* **Work order**
Without copying any picture, transcribe exactly the lines of the data below from the one containing "Красный Порше Тайкан, объемом" through the one containing "2021-12-12 - 44".

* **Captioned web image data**
☆ ☆ ☆ ☆ ☆ ☆ ☆
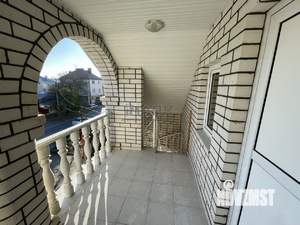 Дом 261м², 3-этажный, участок 3 сот.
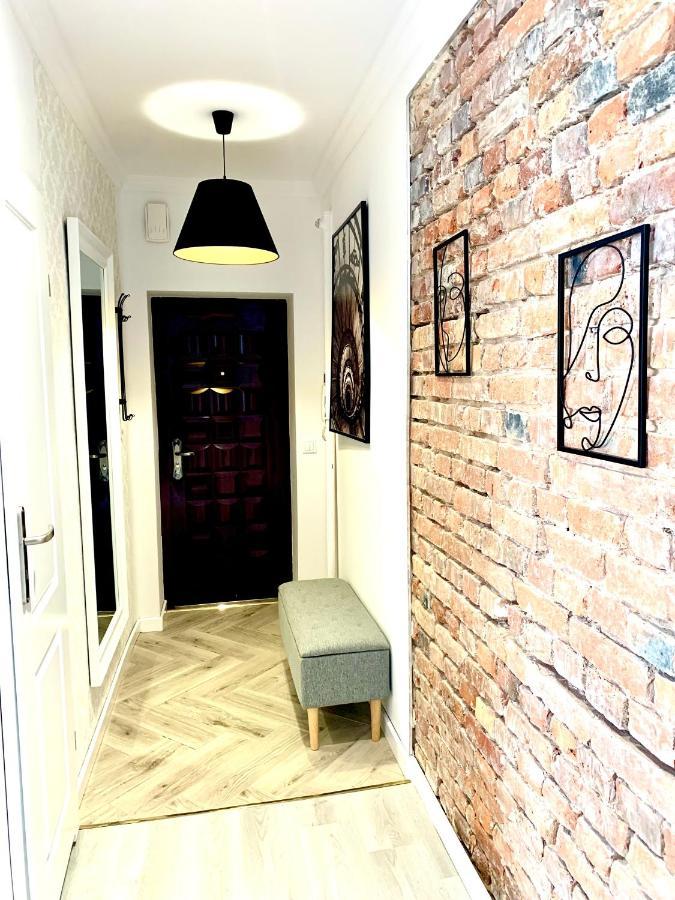 Apartamenty Sienkiewicza De Lux キェルツェ エクステリア 写真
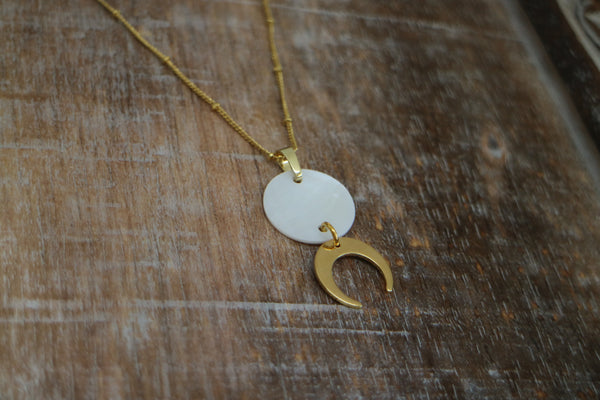 Load image into Gallery viewer, Mother of Pearl Shell Gold Necklace with Gold Moon Charm
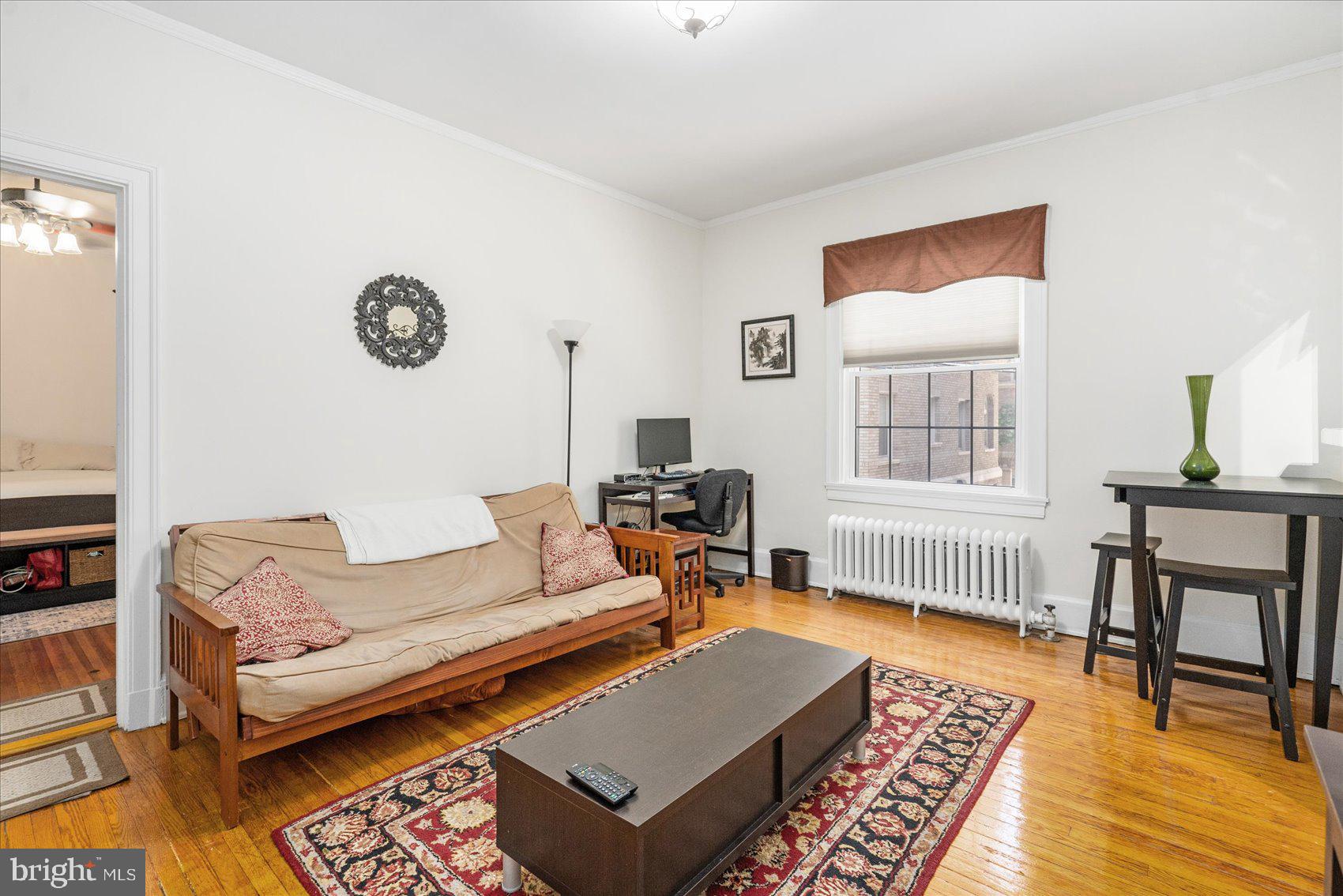 103 W 39TH STREET W E2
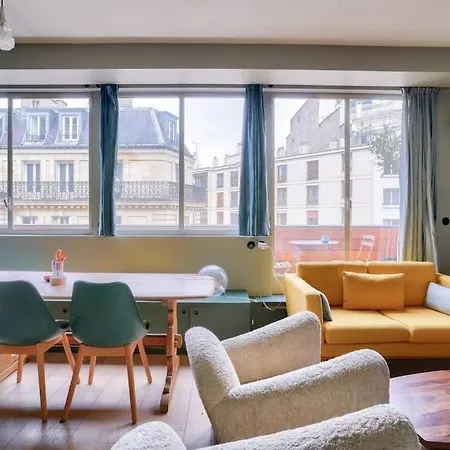 Superbe T2 Avec Balcon Proche De La Tour Eiffel * Paris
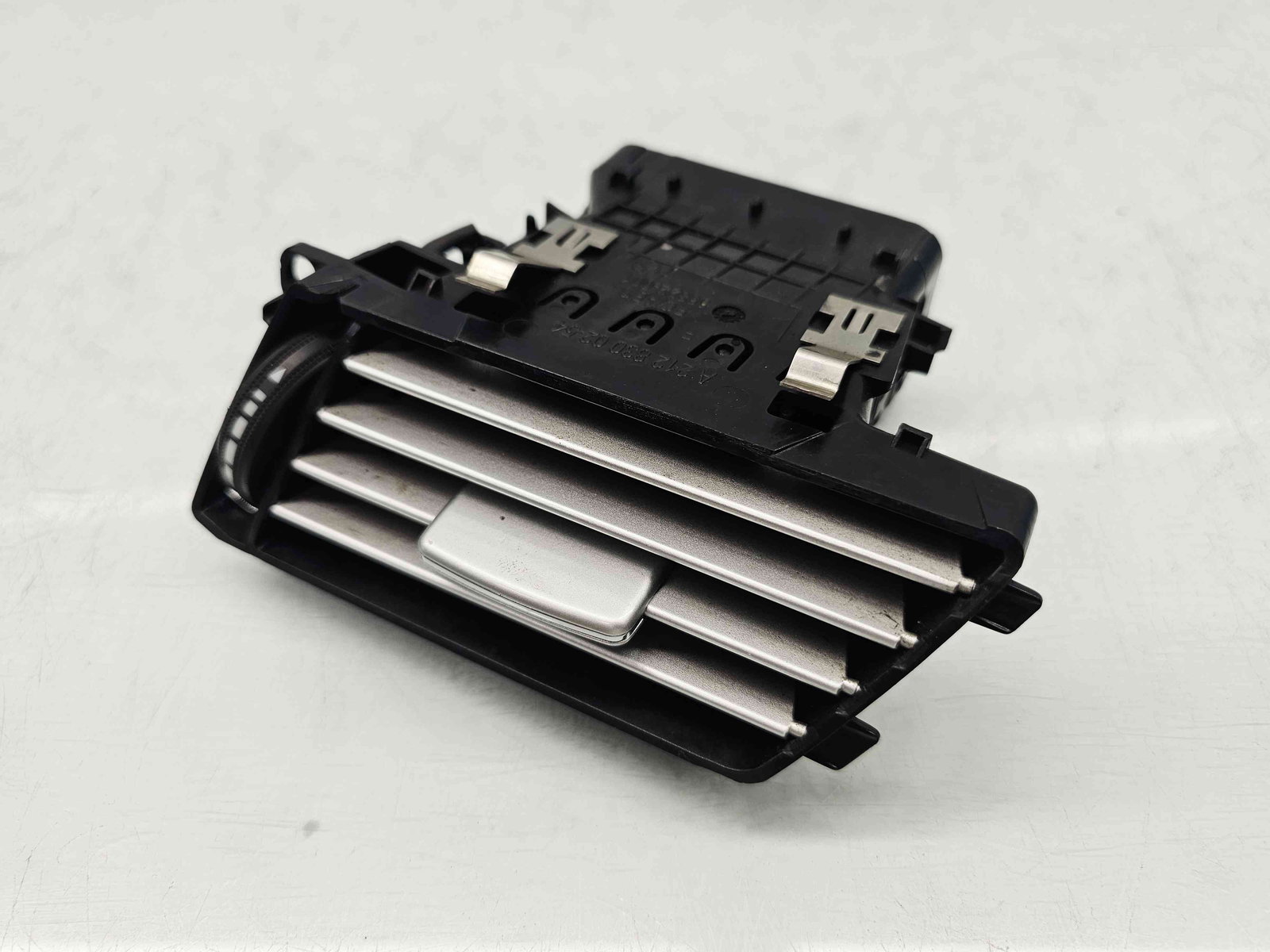 Grila aerisire dreapta Mercedes Clasa E (W212) AMG [Fabr 2009-2016] A2128300254 - imagine 5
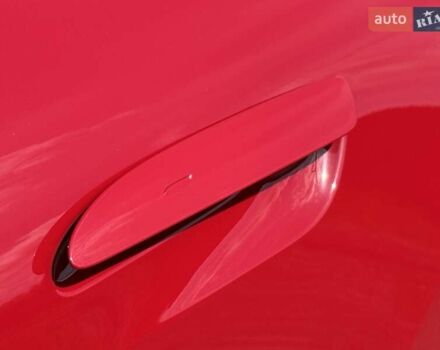 Красный Порше Тайкан, объемом двигателя 0 л и пробегом 60 тыс. км за 73800 $, фото 26 на Automoto.ua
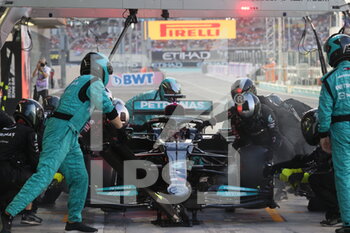 2021-12-12 - 44 HAMILTON Lewis (gbr), Mercedes AMG F1 GP W12 E Performance, action pitstop during the Formula 1 Etihad Airways Abu Dhabi Grand Prix 2021, 22th round of the 2021 FIA Formula One World Championship from December 10 to 12, 2021 on the Yas Marina Circuit, in Yas Island, Abu Dhabi - FORMULA 1 ETIHAD AIRWAYS ABU DHABI GRAND PRIX 2021, 22TH ROUND OF THE 2021 FIA FORMULA ONE WORLD CHAMPIONSHIP - FORMULA 1 - MOTORS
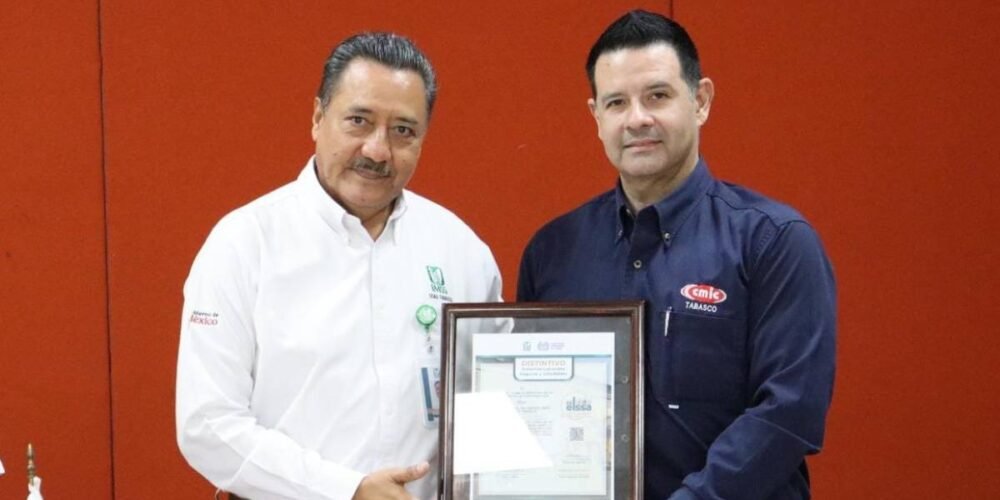 Entrega IMSS Tabasco Distintivo ELSSA a Cámara de la Industria de la Construcción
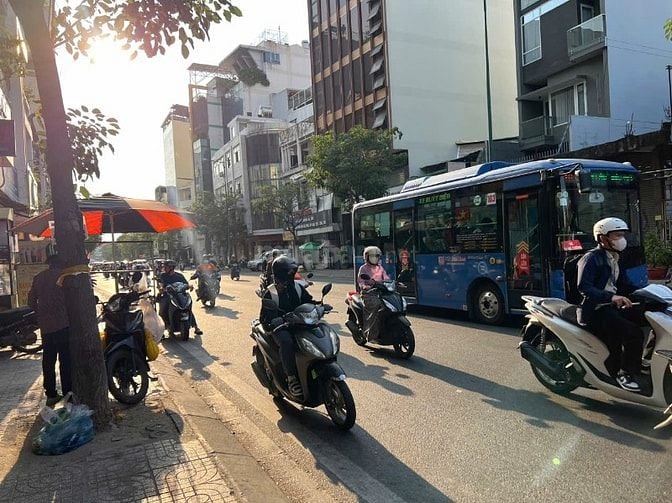 Góc 2MT Hồng Hà Q,Tân Bình,Ngang hơn 5m,CN 110m, 3 Tầng, Giá 26,5 tỷ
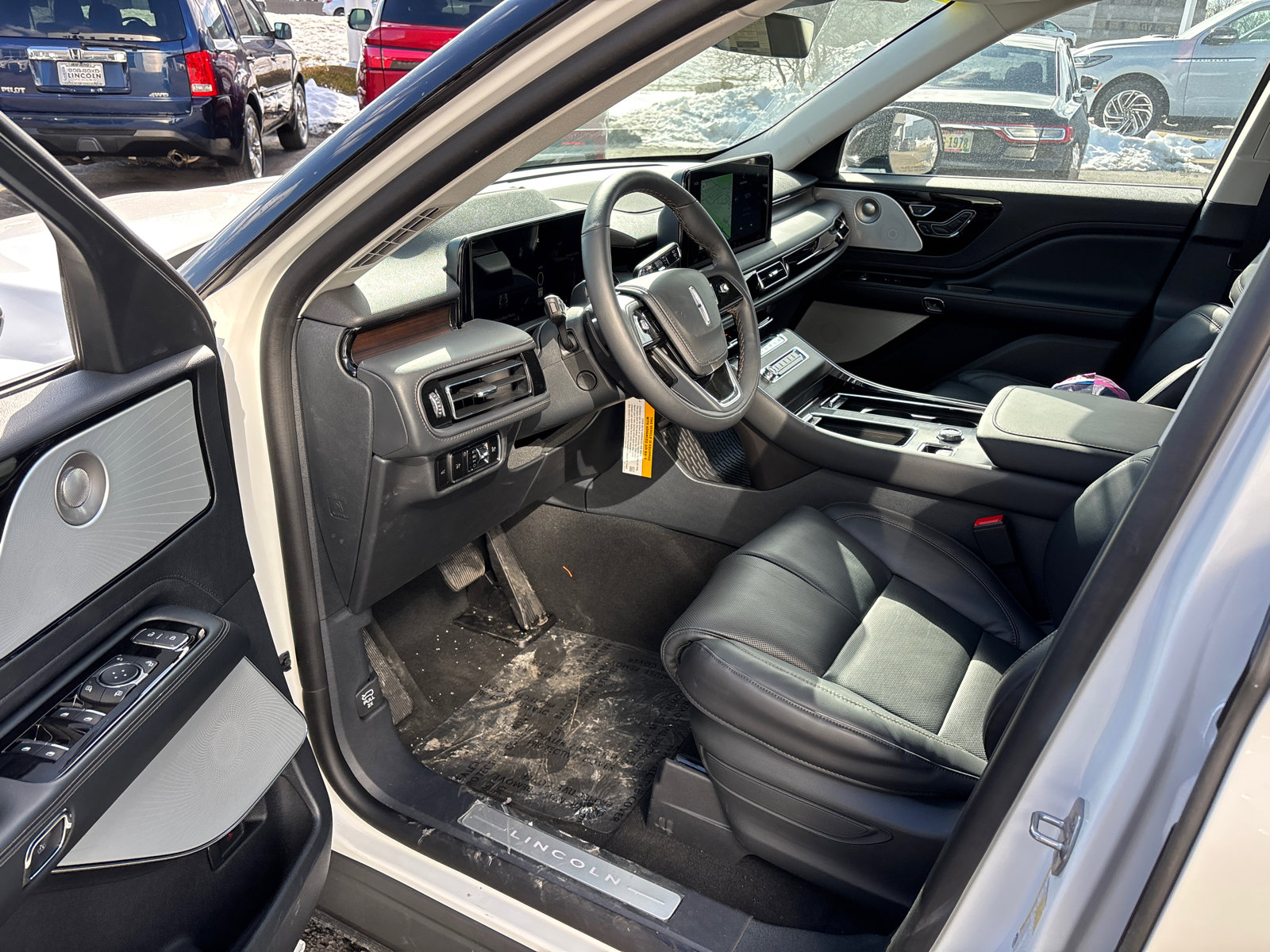 New 2026 Lincoln Aviator Reserve AWD/4WD image 24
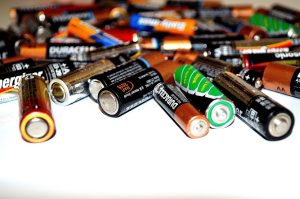 Der weltweite Markt für Batterien wächst rasant: Bis 2030  werden über 120 neue Batteriefabriken weltweit an den Start gehen.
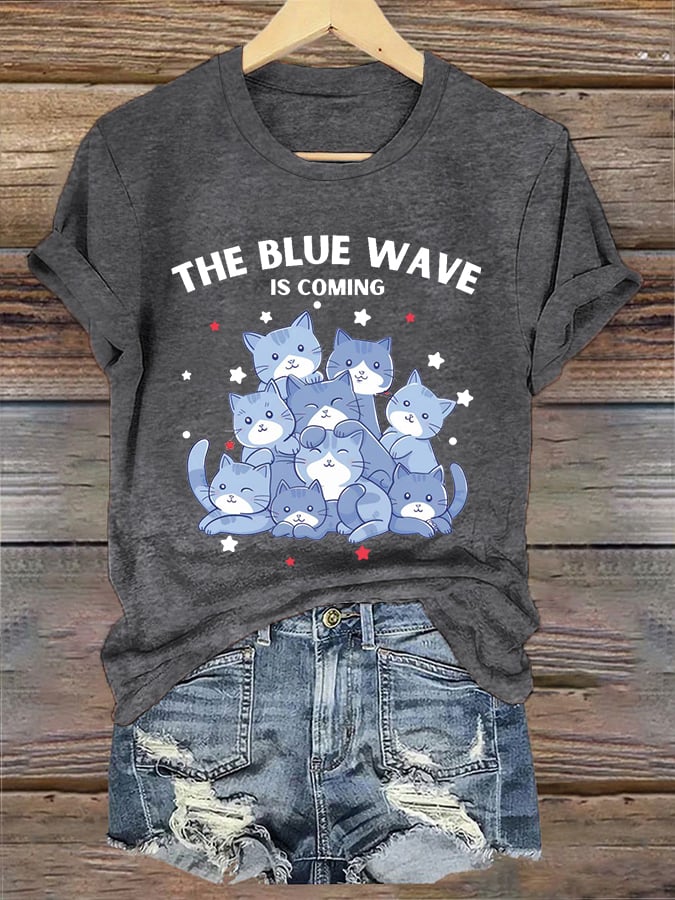 Women's The Blue Wave Cats Is Coming Casual Tee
☆ ☆ ☆ ☆ ☆ ☆ ☆
* **Result of the task**
 Красный Порше Тайкан, объемом двигателя 0 л и пробегом 60 тыс. км за 73800 $, фото 26 на Automoto.ua
 2021-12-12 - 44 HAMILTON Lewis (gbr), Mercedes AMG F1 GP W12 E Performance, action pitstop during the Formula 1 Etihad Airways Abu Dhabi Grand Prix 2021, 22th round of the 2021 FIA Formula One World Championship from December 10 to 12, 2021 on the Yas Marina Circuit, in Yas Island, Abu Dhabi - FORMULA 1 ETIHAD AIRWAYS ABU DHABI GRAND PRIX 2021, 22TH ROUND OF THE 2021 FIA FORMULA ONE WORLD CHAMPIONSHIP - FORMULA 1 - MOTORS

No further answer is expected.